The result is that, except for great dramatic national crises, such as the bank closings of 1933, the Nazi conquest of France in May 1940, the attack on Pearl Harbor, December 7, 1941, and the Communist attack on North Korea, June 24, 1950, the Senate and therefore the Congress of which it is an equal part are too often too late with too little to meet the rapidly developing problems, needs and opportunities of an age of atomic energy, automation, and a Communist expansionism that is bent upon and has repeatedly announced its intent to take over the entire world.
We can ill afford continued minority rule. National welfare, strength, security, and survival require the establishment of majority rule.
In the past 6 years since a subcommittee of the Senate Rules Committee conducted extensive hearings on rule XXII-in the course of which the present rule XXII was first denounced as unconstitutional-great progress has been made. The American people have a better understanding of the fact that, at the very core and heart of our Federal Government, majority rule is denied, frustrated, blocked and defeated by entrenched minority rule.
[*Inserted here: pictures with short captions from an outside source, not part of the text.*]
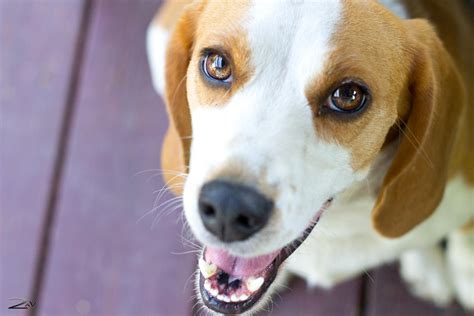 Smiling Beagle By Yoursparklingangel On Deviantart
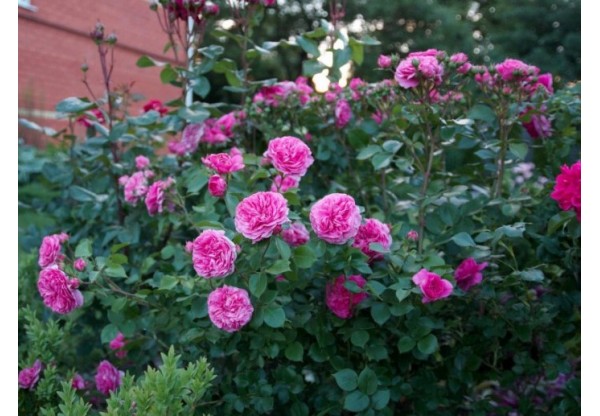 Роза флорибунда "Baronesse" (Контейнер 5,0л.)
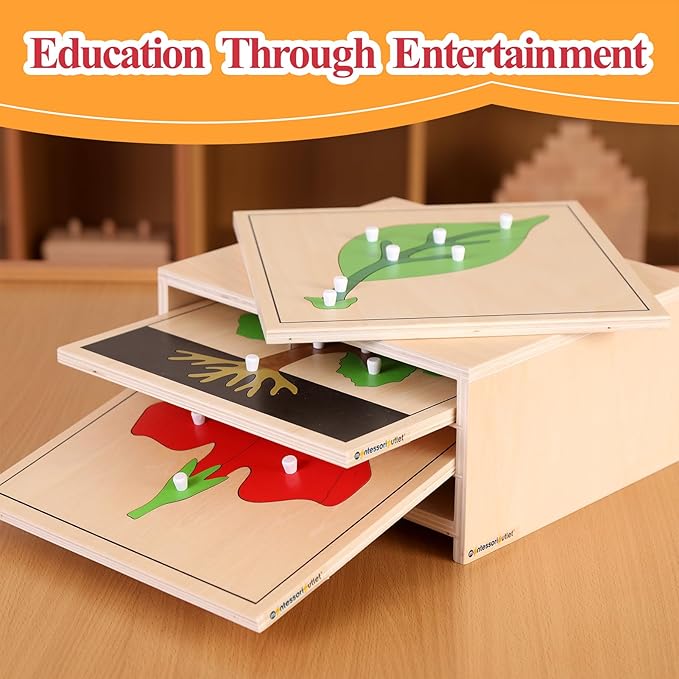 MONTESSORI OUTLET Nature Materials Leaf Puzzle Early Preschool Learning Toys for 3-12 Year Old Kids and Toddler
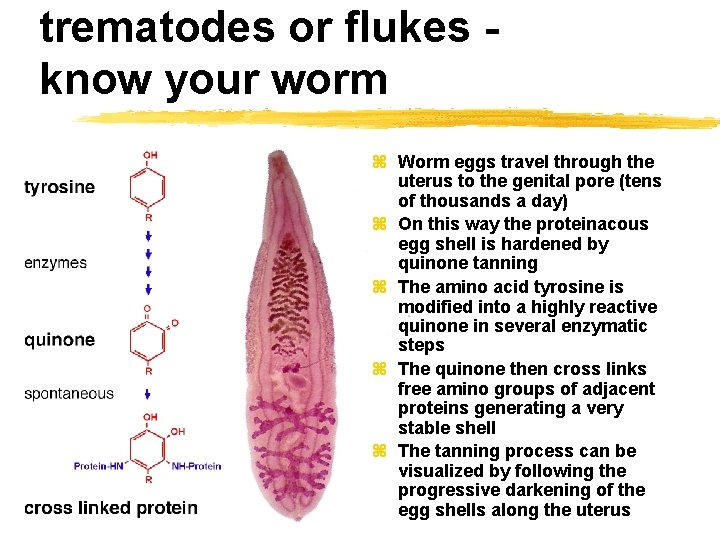 trematodes or flukes know your worm z Worm eggs travel through the uterus to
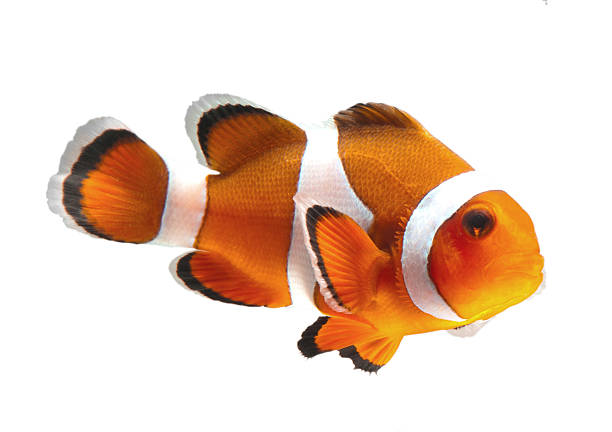 anêmona peixe - tropical fish clown fish isolated animal - fotografias e filmes do acervo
Much too much has been said and much too little has been done about changing rule XXII. The arguments for majority rule are clear; that rule XXII prevents majority rule is equally clear. The only real question is: What is going to be done about rule XXII?
II Although action by the Senate of the 85th Congress to make any substantial improvement in rule XXII is likely to be blocked by the veto power of a filibustering minority, we nevertheless urge that a test be made to determine whether rule XXII can be changed for the better during the life of a Congress.
We support Senate Resolution 17, introduced by Senators Douglas, Ives, and 12 others, which offers a close approach to majority rule by providing that filibusters may be broken after 15 calendar days by vote of a majority of the Senators "duly chosen and sworn."
Senate Resolution 17 also repeals the unconstitutional section 3 of the present rule XXII which attempts to fasten rule XXII upon the Senate to the end of time. That section attempted to legislate for eternity by providing that there shall be no limitation of debate on a motion to proceed to the consideration of a change in rule XXII or any other rule of the Senate.
We oppose Senate Resolution 30, sponsored by the majority and minority leaders, for two reasons:
1. Its proposed lowering of the hurdle from 64 to two-thirds of those present and voting will amount to little or no reduction in the number of Senators who must be present and voting for cloture in order to break filibusters against such highly charged issues as the minimum civil-rights bill scheduled for floor debate the week of July 8, 1957.
The total vote last January 4 on the Anderson motion to adopt Senate rules (that is, to change rule XXII) was 93—38 for, 55 against. Two-thirds of 93 is 62. The same attendance for a rollcall on a motion to limit debate on a cirilrights bill would mean that 62 Senators would have to vote for cloture in order to break a filibuster. The strain and sweat of the fight to change rule XXII should yield better results than an uncertain gain of 2 votes that, with attendance of all 96 Senators, would shrink to no gain at all.
2. Section 3 of Senate Resolution 30, intentionally or otherwise, would, if adopted, put the Senate on record in an attempt to cancel Vice President Nixon's opinion, given to the Senate January 4, 1957, that section 3 of the present rule XXII is unconstitutional.
In saying that old rules shall continue until new rules are adopted, Senate Resolution 30's section 3 attempts to deprive the Senate of each new Congress. including the newly elected or reelected Senators, of their constitutional right to make rules for the conduct of the Senate's business.